CityWatch: Staten Island, New York City’s most suburban area, sees second-highest rate of COVID-19—but why?

This post was originally published on this site

Parts of Staten Island, the most suburban borough in New York City where things like backyards and driving to the grocery store are the norm not the exception, have some of the highest rates of people testing positive for the coronavirus in the city.

For a pandemic that feeds on population density, ravaging public housing projects and sweeping through nursing homes, it seems a paradox that leafy Staten Island, which boasts the greatest proportion of public parks in the city, would be so vulnerable. The borough now has the second-highest rate of documented infection, a hair behind the hard-hit Bronx, with 21 cases per 1,000 people, according to data from the city health department.

In one ZIP Code, a corridor from Staten Island’s Tompkinsville neighborhood to Latourette Park, the prevalence of the disease is 60% higher than the city average. As of Thursday afternoon, nearly 142,000 New Yorkers had tested positive for the virus, 10,582 of them live on Staten Island. That’s 7.5% of all cases even though the borough makes up 5.6% of the city’s population. 

Patrick Gallahue, a spokesman for the city’s Department of Health and Mental Hygiene, said at this stage, with so many cases coming in across the five boroughs every day, it’s hard to pinpoint what’s going on in Staten Island. 

“It is difficult to produce fully reliable answers on why one section of the city might have elevated numbers of confirmed cases when compared to another,” Gallahue said. 

It’s especially confounding because Staten Island shares little in common with other hotspots in New York, places like East Harlem, the Bronx and Queens, where city health officials and lawmakers have pointed to underlying socio-economic disparities. In contrast, Staten Island’s population is staunchly middle class, boasting the second-highest median household income after Manhattan and with the highest rate of homeownership, at 70%, in the city, according to the U.S. Census Bureau. 

Rather than large apartment complexes, which characterize Manhattan, most dwellings on the island are single-family houses with space to social distance

So why are known cases so disproportionately high in Staten Island? There are two likely explanations both of which—and here’s another paradox—might actually be a source of pride for the island. 

Steven Matteo, the City Council’s Republican minority leader, pointed to his borough’s high proportion of nurses, cops and firefighters. 

“One plausible explanation as to why Staten Island has such a high infection rate is that it is home to so many heroic first responders and essential workers, often more than one per household,” Matteo said.

Health care is the largest employer in Staten Island, and the borough is home to more than one-third of all New York City firefighters and one-fifth of its police officers, according to the state comptroller’s office. 

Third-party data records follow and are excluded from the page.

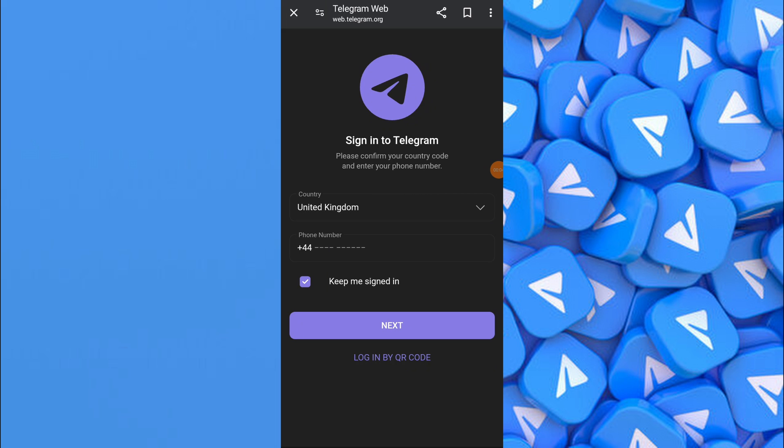First, close the Telegram app if it's open and open your browser on your phone. Type in web.telegram.org in the address bar and press enter. Then sign in to your Telegram account and follow the same steps as mentioned before.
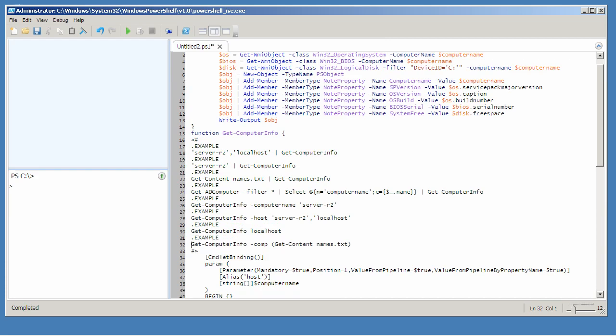Now if someone asks for help on Get Computer Info and they specify either dash example or dash full, all of those examples will list out too. I could provide other bits of help, a synopsis, description, information about the parameter and so forth, but this is good enough for now.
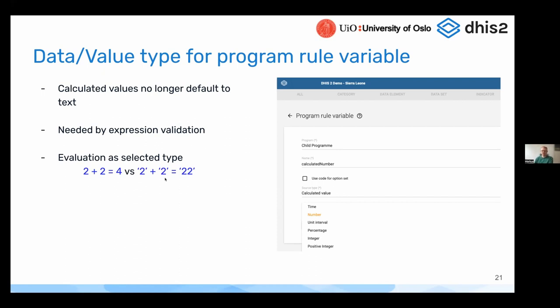So make sure in your existing instances to have a look at the value type for your program rule variables. There might be some program rule variables in your setups that have been defaulted to text, but that you want to change to number.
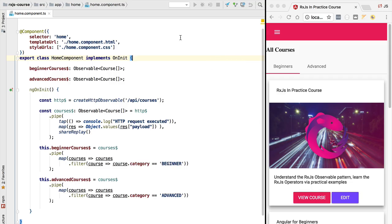Hello everyone and welcome back. In this new part of the course we are going to be talking about RxJS error handling. We are going to learn how errors behave in RxJS, how to catch errors, how to handle them, how to attempt to recover from errors, and how to retry an observable if something goes wrong.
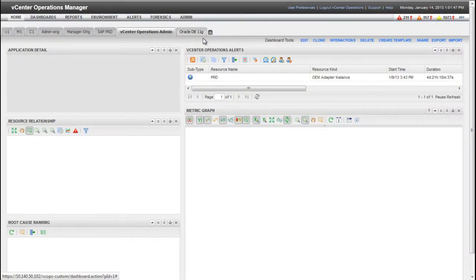This video shows you how to build a dashboard for a virtual infrastructure administrator in the vCenter Operations Manager custom user interface.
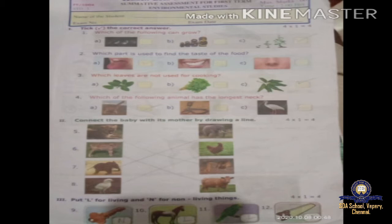Roman number two, question three: put L for living and N for non-living thing. First one is key — key is a non-living thing, so write N in the box. Second one is horse — horse is a living thing, write L. Parrot is also a living thing — L. Axe is a non-living thing — N. Living thing has life in it; non-living thing does not have life in it.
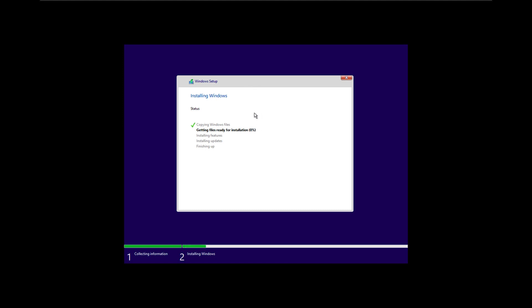When that is done, I will get straight back to you to complete the Windows 11 installation.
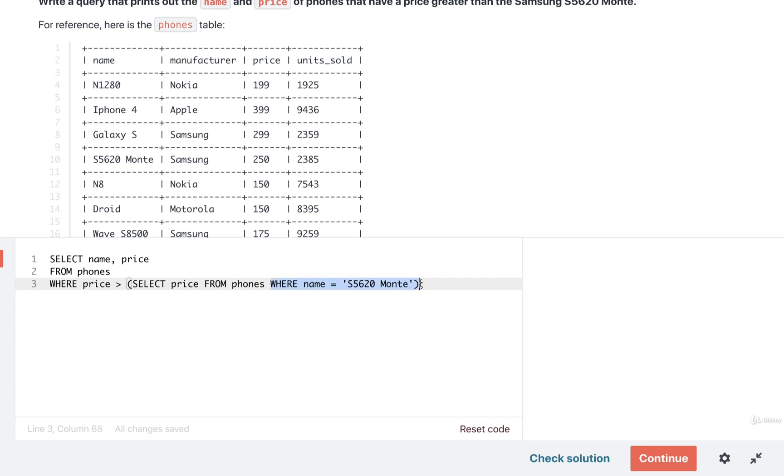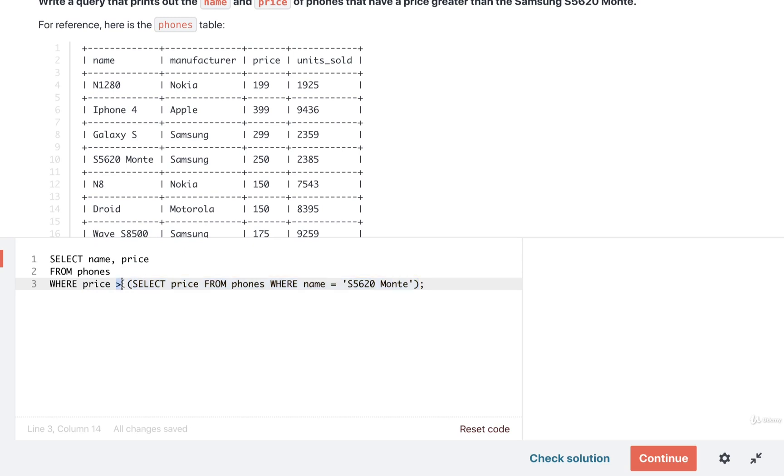With this WHERE clause right here inside the subquery, we are only going to get back one row. And then out of that row, we are only selecting one column. So the result of the entire subquery is a single value, which means that it is safe to be used with a greater than operator.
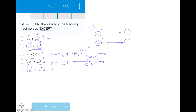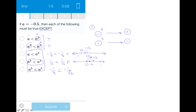Looking at answer choice five, a cubed — as we saw in answer choice three — is minus one-eighth, and a to the fifth is minus one over 32. Based on our reasoning in answer choice three, raising a number to a greater power produces a smaller absolute value, moving it closer to zero. Therefore, minus one over 32 is closer to zero than minus one-eighth, making it greater than minus one-eighth. This confirms that answer choice four is in fact the correct answer.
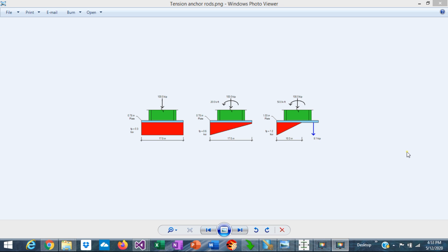Anchor rods attach the column base plates to the foundation. Therefore, they are very important structural elements.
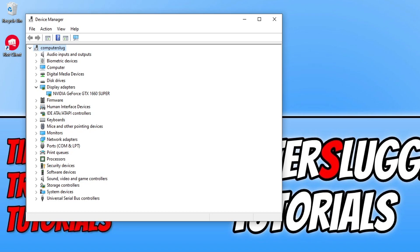Depending on what graphics card you have will depend on what you need to do next. I've got an NVIDIA which means I need to go to the NVIDIA website to download the latest driver for my graphics card. If you have an Intel then you will need to go to the Intel website, and if you have an AMD graphics card then you will need to go to the AMD website.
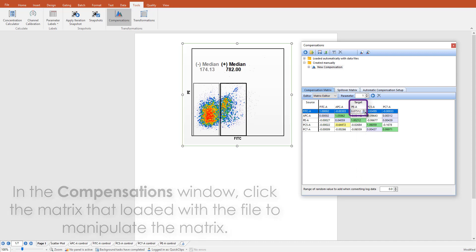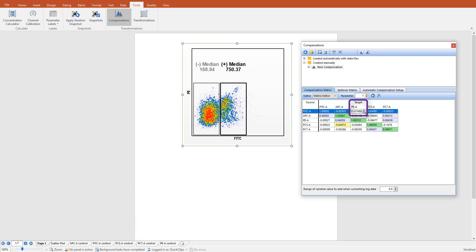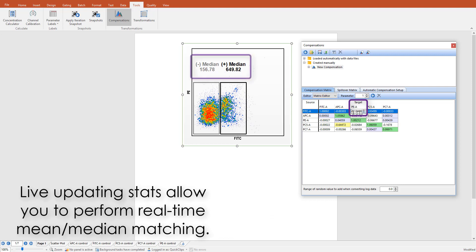While we do not recommend manual adjustments on the fly, take advantage of live updating statistics, such as media, to better characterize the subpopulations during compensation adjustments.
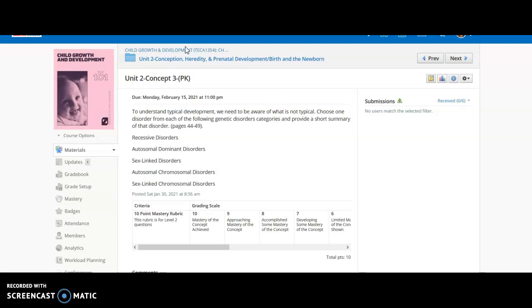Then we have our chromosomal abnormality. This happens when you get too many or too few chromosomes. As the mother ages, the risk of these increases. Your autosomal chromosomal disorders include Down syndrome, Trisomy 21, Trisomy 9, Trisomy 13, and Trisomy 18. Down syndrome probably being the best known in that category.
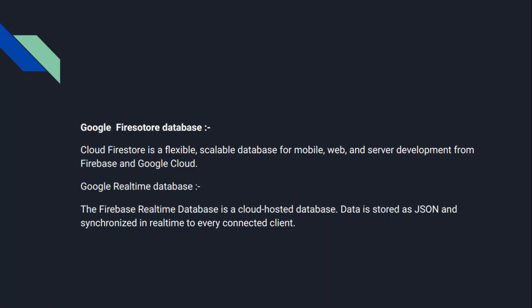And some similarities: both provide offline support, security rules, and integration with other Firebase services.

And the outbreak has hit the EMS, firefighters and cops particularly hard. At the outbreak’s peak several weeks ago, nearly 20% of the uniformed police force called out sick. As of Wednesday, 4,500 NYPD members had tested positive for the virus and 31 have died, the department said.  

See: NYPD Detective and ‘gentle giant’ Cedric Dixon was the force’s first known COVID-19 death

Separately, Dr. Philip Otterbeck, chair of the department of medicine at Richmond University Medical Center on Staten Island, said he sees the high rate of infection as a function of better access to testing there. 

Between 5% to 6% of the population of Staten Island have gotten tested for the disease as of Tuesday, compared to 1% to 2% in Manhattan. Indeed, ZIP Codes on Staten Island boast some of the highest rates of testing per capita of anywhere in the city, according to data analysis by ProPublica. As of Thursday, 506 Staten Island residents have died from the virus. 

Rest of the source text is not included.